▸ WORK REQUIRED
From the first line to the last, write out the records exactly, leaving out images.

(Short descriptive text snippets)
=== Section Start ===

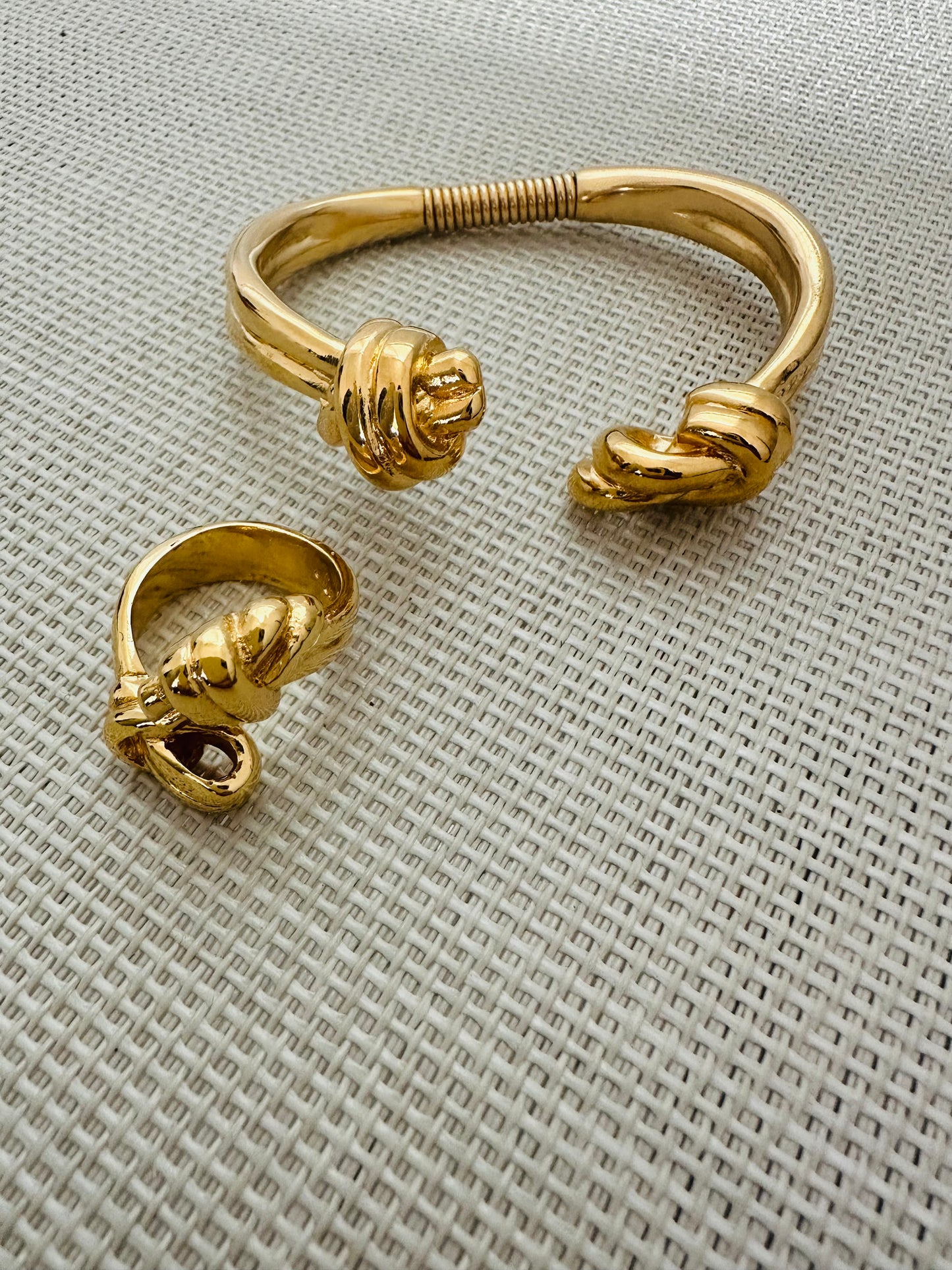 Fusion- Knot Collection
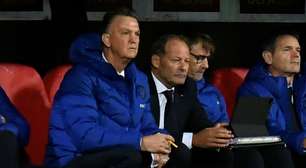 Algoz de brasileros, técnico da Holanda enfrenta câncer agressivo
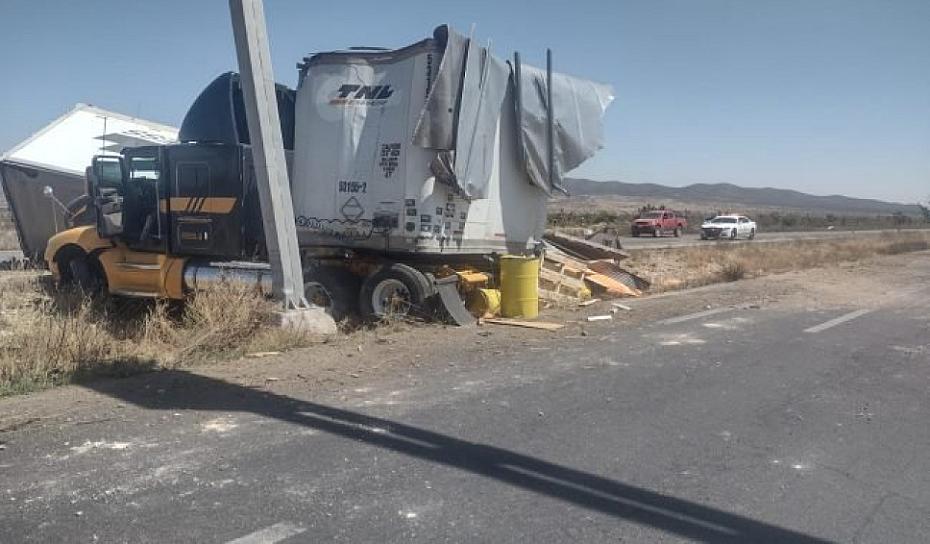 CONDUCTOR DE CAMIÓN DE CARGA SE IMPACTA CONTRA UN POSTE 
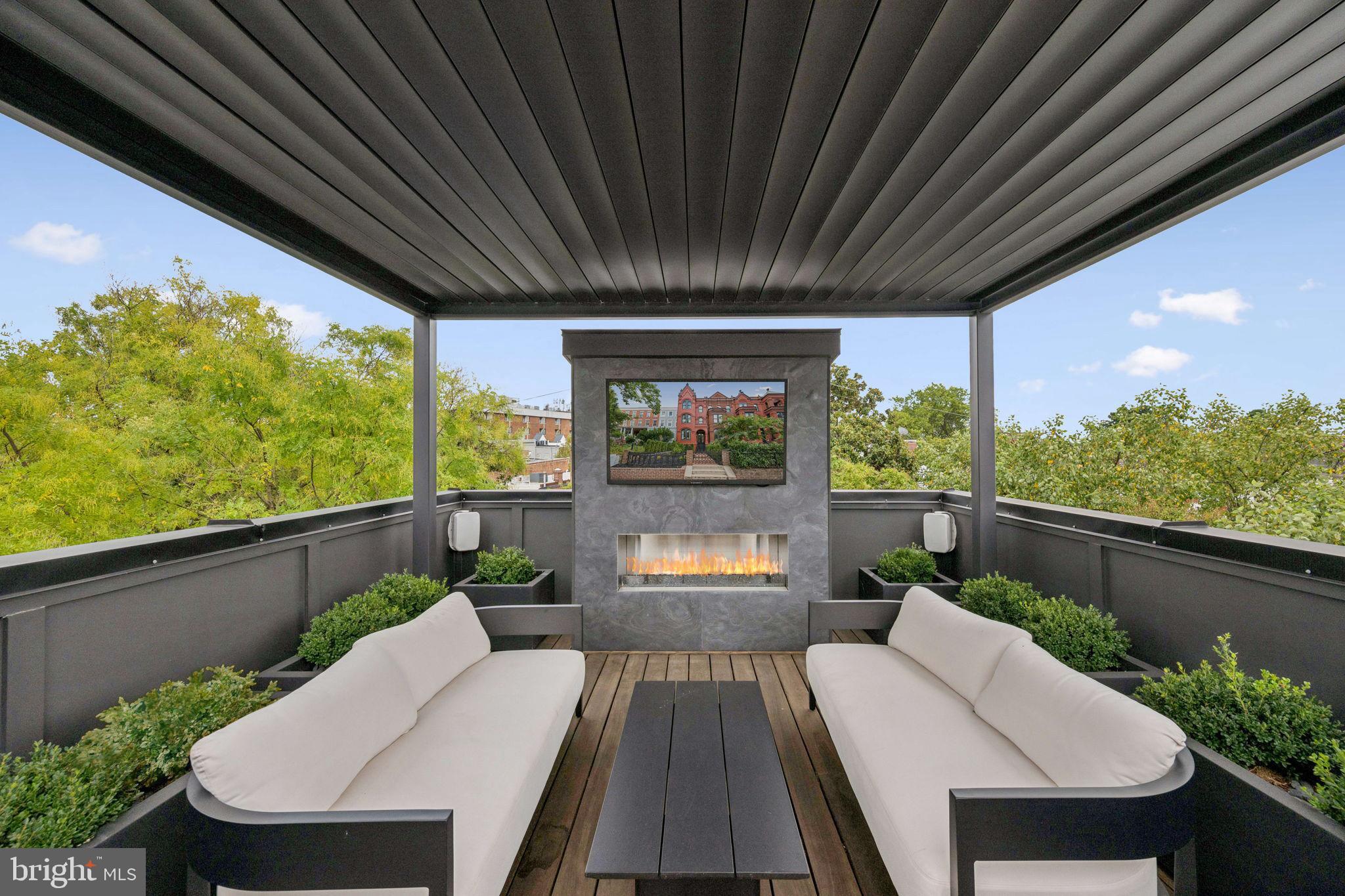 CAPITOL HILL - Residential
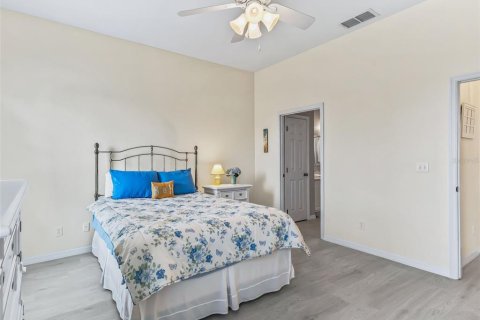 Villa ou maison à vendre à Summerfield, Floride: 3 chambres, 191.84 m2 № 2411530 - photo 18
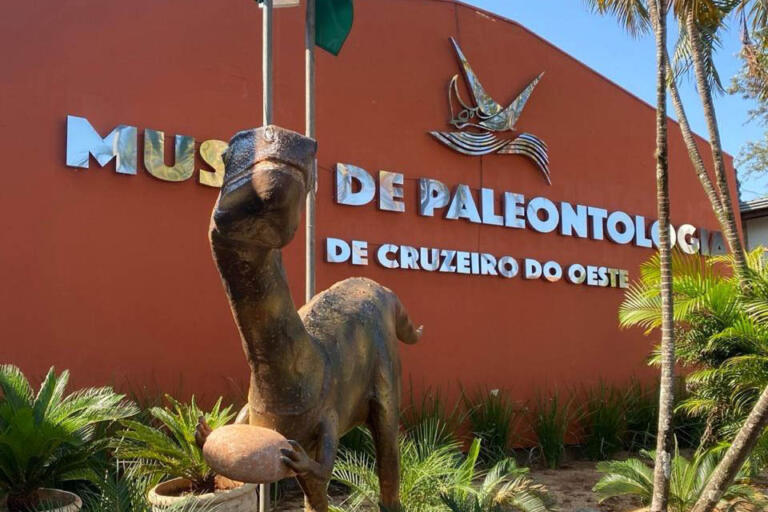 Vale dos Dinossauros: Cruzeiro do Oeste recebe título que reforça turismo científico
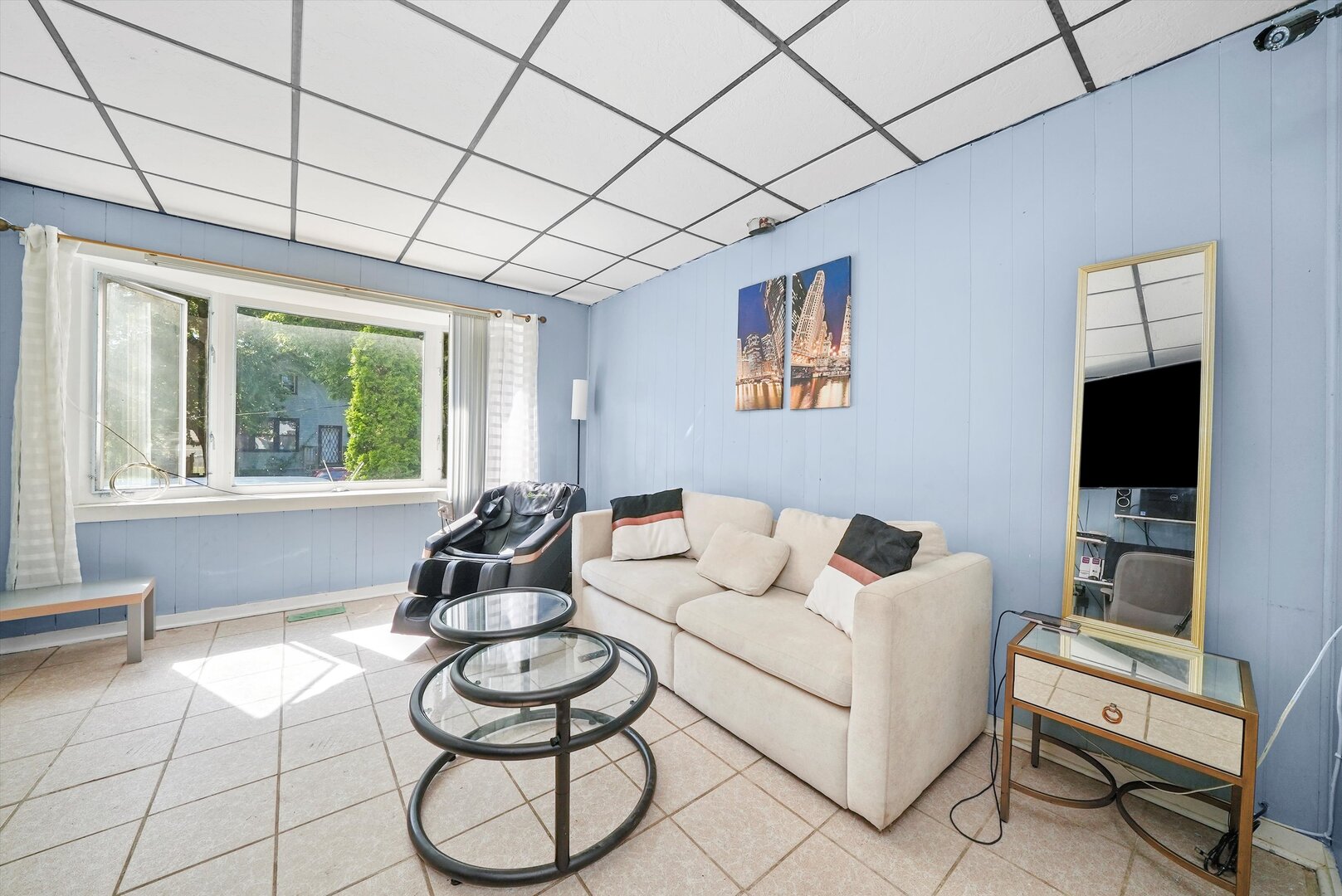 4943 S MARSHFIELD Avenue, Chicago, IL 60609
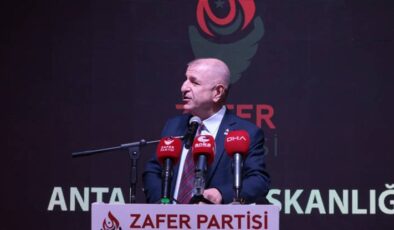 “Vatandaşlığı değiştirenler vatanı değiştirmeye hazırlanıyor demektir, buna izin vermeyiz”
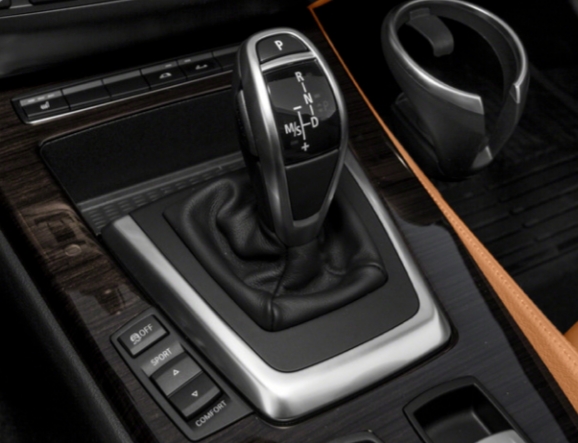 تعمیر گیربکس اتوماتیک بی ام و BMW Z4 sDrive30i در تعمیرگاه گیربکس اتوماتیک ایران اروپا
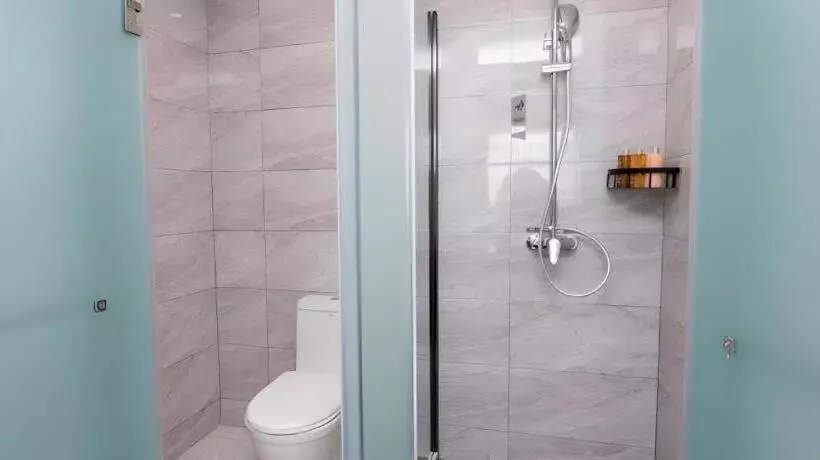 Borrman Hotel East Huai An Railway Station Zhou  Enlai Memorial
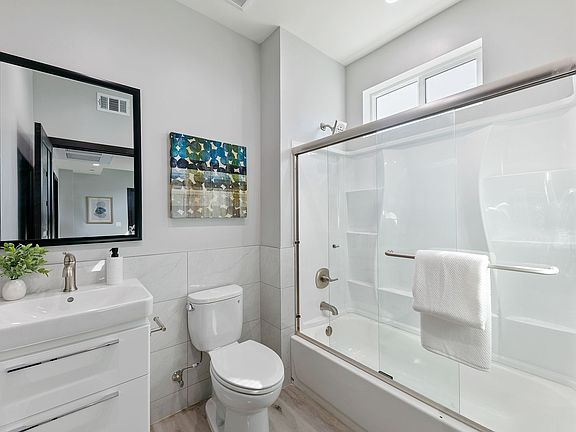 5th image of 13615 N Fellows Ave #13621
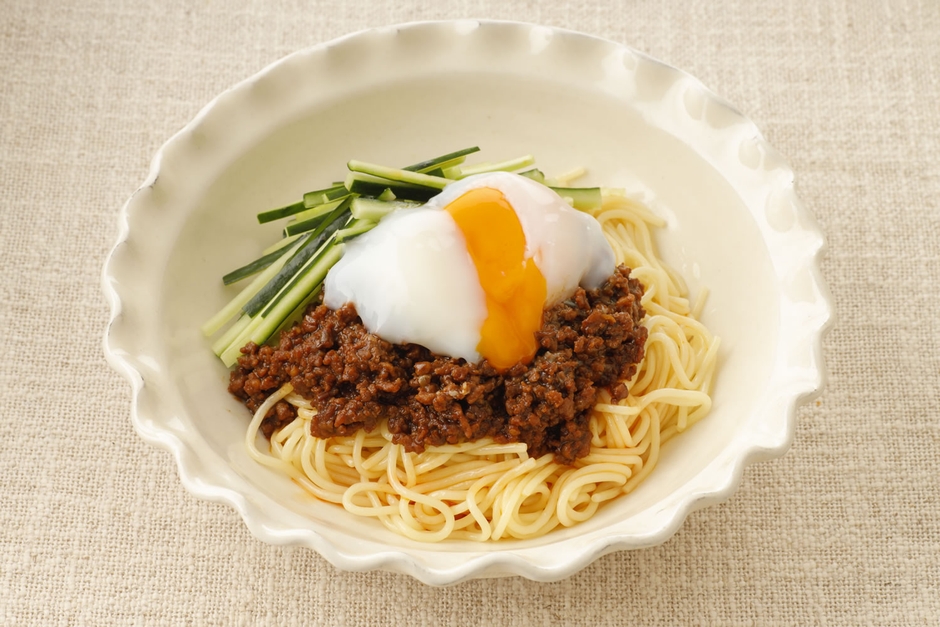 「ジャージャー麺風」:肉みそに濃厚な赤だしみそを使うと味に深みが。麺にたっぷりとのせからめながらどうぞ。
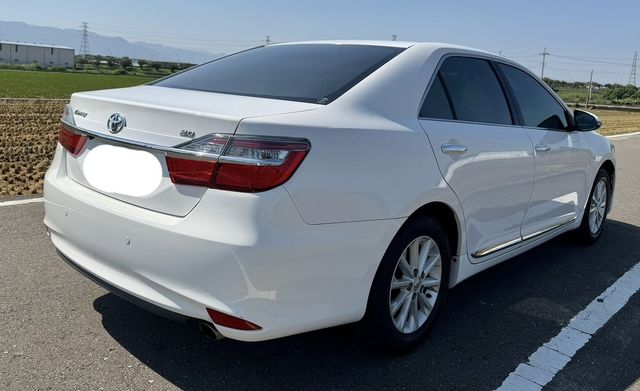 TOYOTA豐田 CAMRY  第3張相片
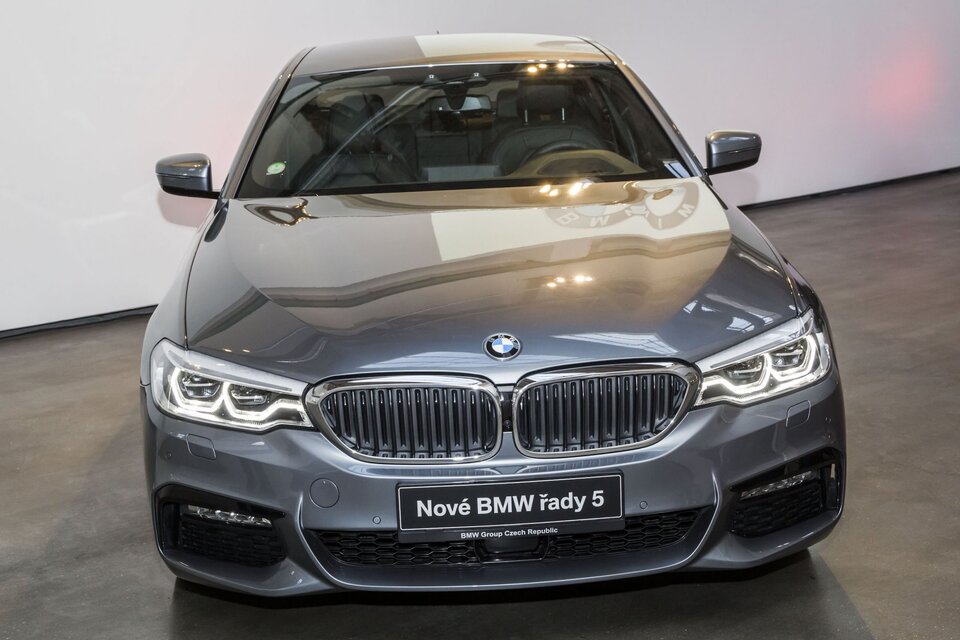 BMW 530e (2017)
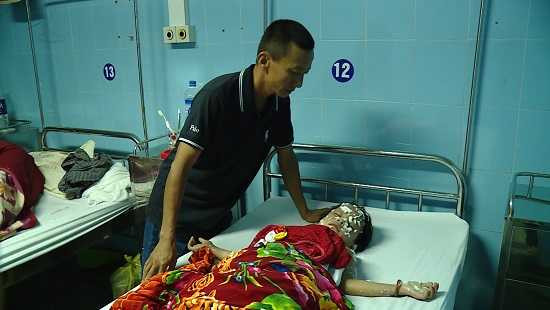 Quảng Bình: Nổ bóng bay trong đêm Trung thu, 9 người bị thương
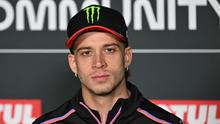 Pembalap Aprilia, Marco Bezzecchi pada sesi konferensi pers jelang MotoGP Valencia 2025. (Javier SORIANO / AFP)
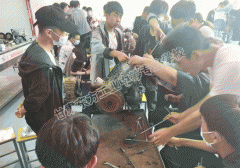 甘肃中专学校的电力机车运用机车运用于检修专业怎么样？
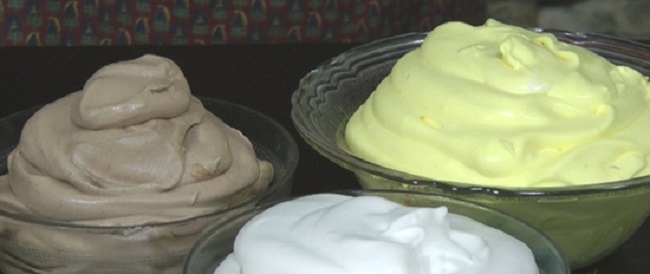 क्रीम व्हिप कीजिये - Homemade Whipped Cream Recipe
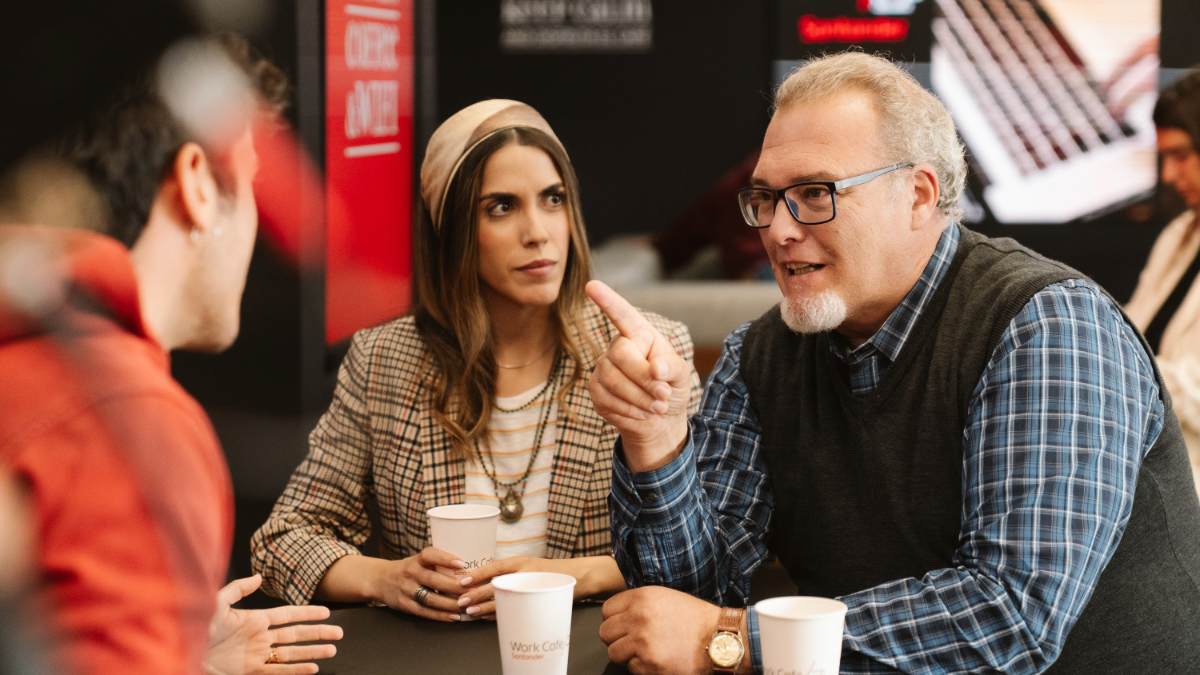 Una escena de Café para Cinco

=== Section End ===

▸ RESPONSE
 Fusion- Knot Collection
 Algoz de brasileros, técnico da Holanda enfrenta câncer agressivo
 CONDUCTOR DE CAMIÓN DE CARGA SE IMPACTA CONTRA UN POSTE 
 CAPITOL HILL - Residential
 Villa ou maison à vendre à Summerfield, Floride: 3 chambres, 191.84 m2 № 2411530 - photo 18
 Vale dos Dinossauros: Cruzeiro do Oeste recebe título que reforça turismo científico
 4943 S MARSHFIELD Avenue, Chicago, IL 60609
 “Vatandaşlığı değiştirenler vatanı değiştirmeye hazırlanıyor demektir, buna izin vermeyiz”
 تعمیر گیربکس اتوماتیک بی ام و BMW Z4 sDrive30i در تعمیرگاه گیربکس اتوماتیک ایران اروپا
 Borrman Hotel East Huai An Railway Station Zhou  Enlai Memorial
 5th image of 13615 N Fellows Ave #13621
 「ジャージャー麺風」:肉みそに濃厚な赤だしみそを使うと味に深みが。麺にたっぷりとのせからめながらどうぞ。
 TOYOTA豐田 CAMRY  第3張相片
 BMW 530e (2017)
 Quảng Bình: Nổ bóng bay trong đêm Trung thu, 9 người bị thương
 Pembalap Aprilia, Marco Bezzecchi pada sesi konferensi pers jelang MotoGP Valencia 2025. (Javier SORIANO / AFP)
 甘肃中专学校的电力机车运用机车运用于检修专业怎么样？
 क्रीम व्हिप कीजिये - Homemade Whipped Cream Recipe
 Una escena de Café para Cinco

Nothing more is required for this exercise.